The palace was originally built by the De Cattaui family, which sold it in the 1930s to princess Samiha, who lived in it until her death in 1984.
Princess Samiha, well known for her love of art and culture, was the daughter of Sultan Hussein Kamel from his second wife. She used to hold musical performances at the palace for well-known Egyptian singers, including the celebrated Mohamed Abdel Wahab. She would also organise art salons for well known contemporary poets and writers.
Two years after her death, the palace was declared state property. In 1990, it was converted into the Great Cairo Library.
Due to its distinguished architectural style, the palace was put on Egypt’s Islamic antiquities list in 2001, giving the Supreme Council of Antiquities (SCA) custodianship of the entire building.

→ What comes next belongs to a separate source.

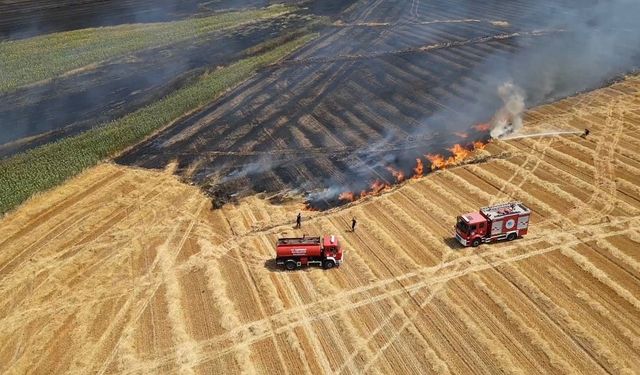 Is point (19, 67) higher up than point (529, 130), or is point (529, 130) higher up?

Routine monitoring carried out by the SCA has revealed that the palace was improperly restored, its granite columns and front having been covered with fake painting. The SCA has carried out a restoration project to rescue the landmark building and restore its original look, said Mohsen Sayed Ali, head of the SCA’s Islamic and Coptic antiquities department.
Ali explained that the granite columns would be cleaned and all incorrect painting removed in order to bring out the original colours of the walls and their decorative elements.
SCA Secretary-General Mostafa Amin said that cracks had spread all over the walls and columns, which would be fully restored and consolidated along with the walls the floors.
Restoration work will be complete in June 2012, said Ali, stressing that the palace-cum-library would continue to receive visitors, with the exception of a few sections of the building currently undergoing restoration.